Abstract

High-throughput DNA sequencing is a powerful tool that can provide genome-wide and single-base resolution snapshots of biological activity in virtually any cell type. As sequencing technology has decreased in cost and become more accessible, it has been applied beyond DNA and today, RNA, epigenetic, and even protein profiling is possible. In this defense, will present two novel techniques that improve the efficiency of RNA sequencing and enable multiomic DNA methylation profiling. These advancements allow us to develop new insights in classically elusive biological systems, including non-model microbial samples and human germ cell development.

Highly efficient bacterial mRNA sequencing: One of the limitations for discovery and characterization in microbiomes is the relatively low efficiency of bacterial RNA sequencing compared with eukaryotic workflows. To improve the efficiently of mRNA sequencing in bacterial samples, we developed EMBR-seq (Enrichment of mRNA by Blocked rRNA) to specifically deplete abundant rRNA and minimize uninformative sequencing reads.
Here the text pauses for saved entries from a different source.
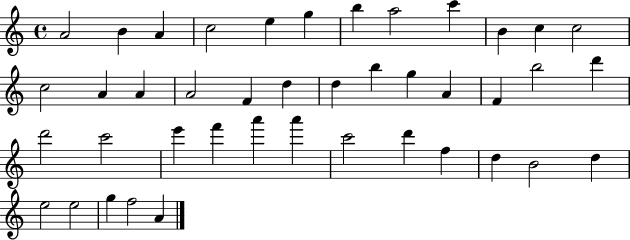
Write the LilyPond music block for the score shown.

{
  \clef treble
  \time 4/4
  \defaultTimeSignature
  \key c \major
  a'2 b'4 a'4 | c''2 e''4 g''4 | b''4 a''2 c'''4 | b'4 c''4 c''2 | \break c''2 a'4 a'4 | a'2 f'4 d''4 | d''4 b''4 g''4 a'4 | f'4 b''2 d'''4 | \break d'''2 c'''2 | e'''4 f'''4 a'''4 a'''4 | c'''2 d'''4 f''4 | d''4 b'2 d''4 | \break e''2 e''2 | g''4 f''2 a'4 | \bar "|."
}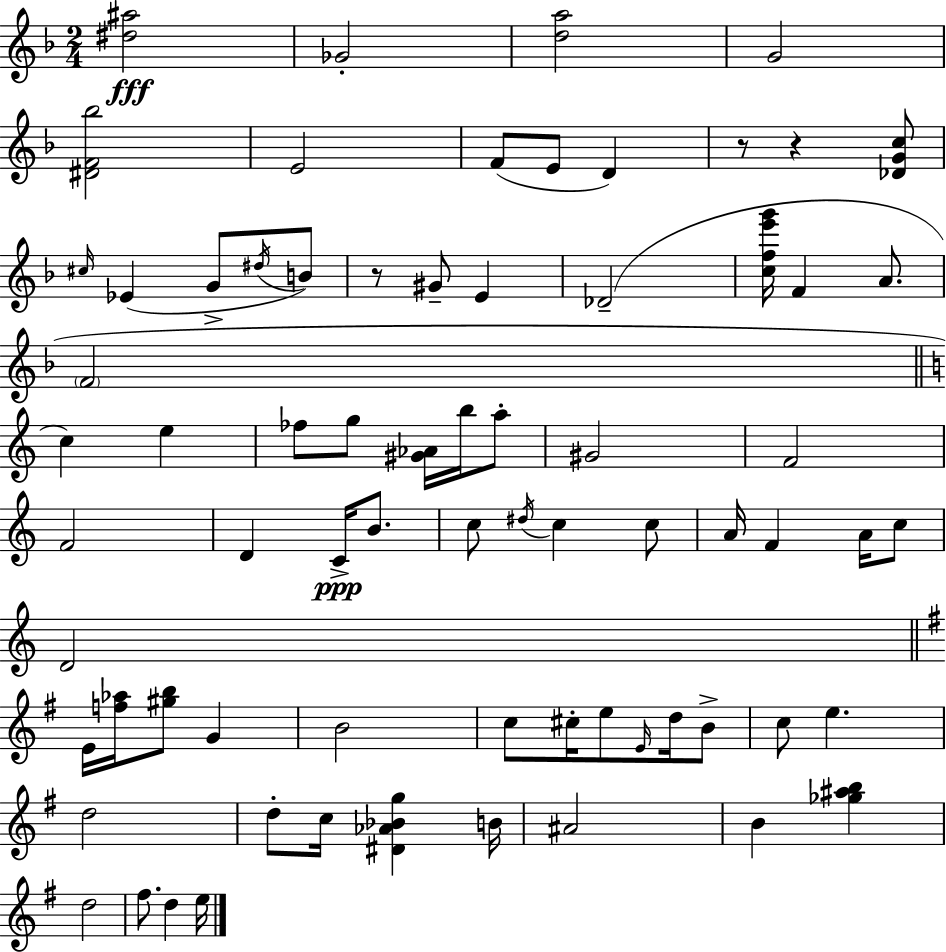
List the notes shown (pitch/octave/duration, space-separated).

[D#5,A#5]/h Gb4/h [D5,A5]/h G4/h [D#4,F4,Bb5]/h E4/h F4/e E4/e D4/q R/e R/q [Db4,G4,C5]/e C#5/s Eb4/q G4/e D#5/s B4/e R/e G#4/e E4/q Db4/h [C5,F5,E6,G6]/s F4/q A4/e. F4/h C5/q E5/q FES5/e G5/e [G#4,Ab4]/s B5/s A5/e G#4/h F4/h F4/h D4/q C4/s B4/e. C5/e D#5/s C5/q C5/e A4/s F4/q A4/s C5/e D4/h E4/s [F5,Ab5]/s [G#5,B5]/e G4/q B4/h C5/e C#5/s E5/e E4/s D5/s B4/e C5/e E5/q. D5/h D5/e C5/s [D#4,Ab4,Bb4,G5]/q B4/s A#4/h B4/q [Gb5,A#5,B5]/q D5/h F#5/e. D5/q E5/s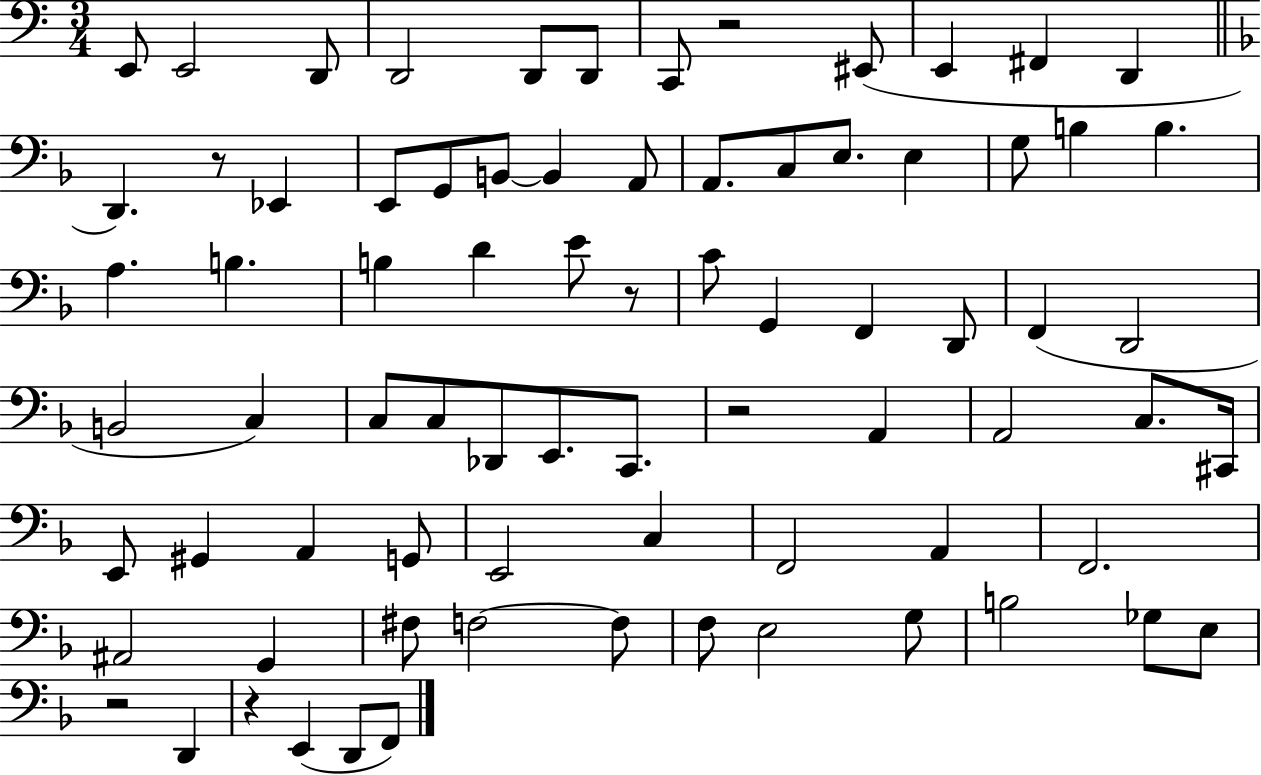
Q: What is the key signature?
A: C major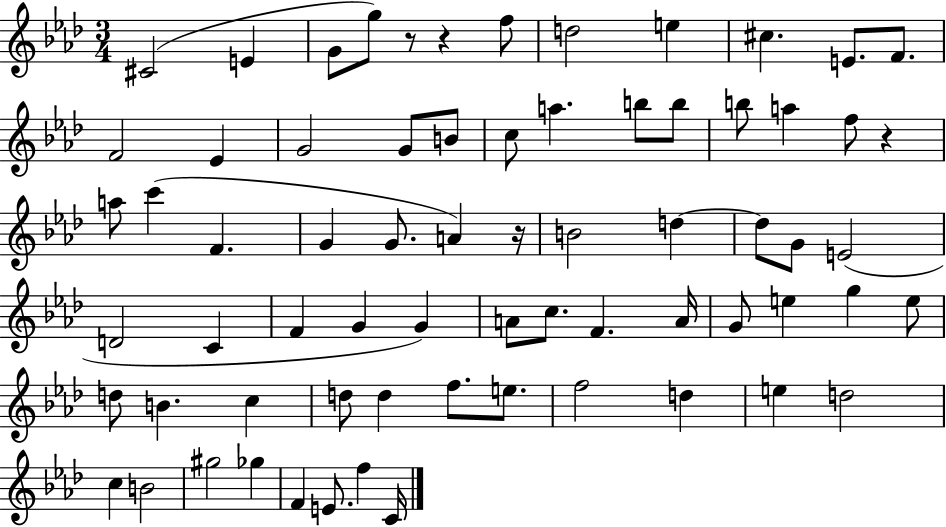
C#4/h E4/q G4/e G5/e R/e R/q F5/e D5/h E5/q C#5/q. E4/e. F4/e. F4/h Eb4/q G4/h G4/e B4/e C5/e A5/q. B5/e B5/e B5/e A5/q F5/e R/q A5/e C6/q F4/q. G4/q G4/e. A4/q R/s B4/h D5/q D5/e G4/e E4/h D4/h C4/q F4/q G4/q G4/q A4/e C5/e. F4/q. A4/s G4/e E5/q G5/q E5/e D5/e B4/q. C5/q D5/e D5/q F5/e. E5/e. F5/h D5/q E5/q D5/h C5/q B4/h G#5/h Gb5/q F4/q E4/e. F5/q C4/s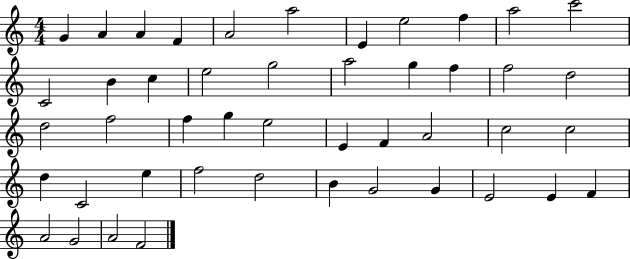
G4/q A4/q A4/q F4/q A4/h A5/h E4/q E5/h F5/q A5/h C6/h C4/h B4/q C5/q E5/h G5/h A5/h G5/q F5/q F5/h D5/h D5/h F5/h F5/q G5/q E5/h E4/q F4/q A4/h C5/h C5/h D5/q C4/h E5/q F5/h D5/h B4/q G4/h G4/q E4/h E4/q F4/q A4/h G4/h A4/h F4/h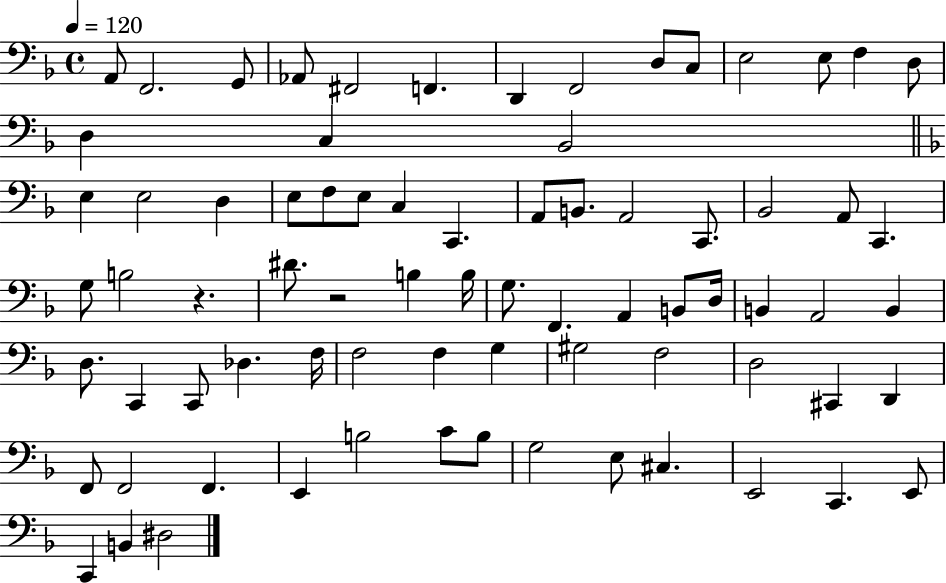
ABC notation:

X:1
T:Untitled
M:4/4
L:1/4
K:F
A,,/2 F,,2 G,,/2 _A,,/2 ^F,,2 F,, D,, F,,2 D,/2 C,/2 E,2 E,/2 F, D,/2 D, C, _B,,2 E, E,2 D, E,/2 F,/2 E,/2 C, C,, A,,/2 B,,/2 A,,2 C,,/2 _B,,2 A,,/2 C,, G,/2 B,2 z ^D/2 z2 B, B,/4 G,/2 F,, A,, B,,/2 D,/4 B,, A,,2 B,, D,/2 C,, C,,/2 _D, F,/4 F,2 F, G, ^G,2 F,2 D,2 ^C,, D,, F,,/2 F,,2 F,, E,, B,2 C/2 B,/2 G,2 E,/2 ^C, E,,2 C,, E,,/2 C,, B,, ^D,2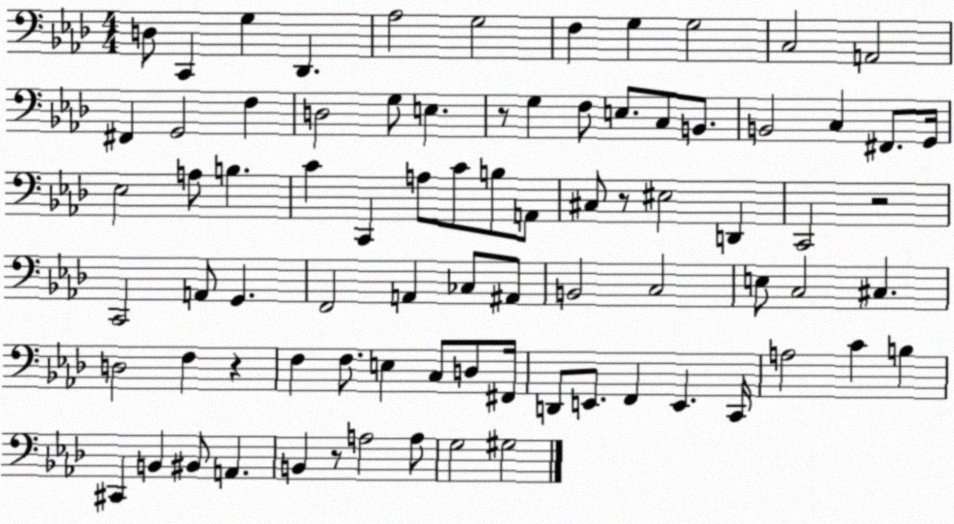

EMBR-seq is scalable and successfully quantified the transcriptome from samples containing as little as 20 pg of total RNA. It was also applied to three different bacterial species and two co-cultures. From within co-cultures, the bacterial mRNA was enriched sufficiently to enable analysis of differentially expressed genes compared with monoculture conditions, resulting in some of the first observations of F. succinogenes strain UWB7 downregulating cellulolytic machinery in the presence of anaerobic gut fungi.

Simultaneous profiling of 5mC, 5hmC, and RNA: During early embryogenesis in mammals, the DNA modification 5-methyl cytosine (5mC) plays a critical role in establishing cell identity. To better understand the connection between DNA demethylation and gene expression during the maturation of primordial germ cells (PGCs) into gametes, we developed a method to capture 5mC, 5hmC, and RNA simultaneously in single cells (scMTH-seq). In stem cell-derived human PGC-like cells, scMTH-seq identified two distinct transcriptional groups, one of which was demethylating. Based on differential expression between the two groups, the genes DND1 and SOX15 were identified as putative drivers of PGC demethylation and maturation.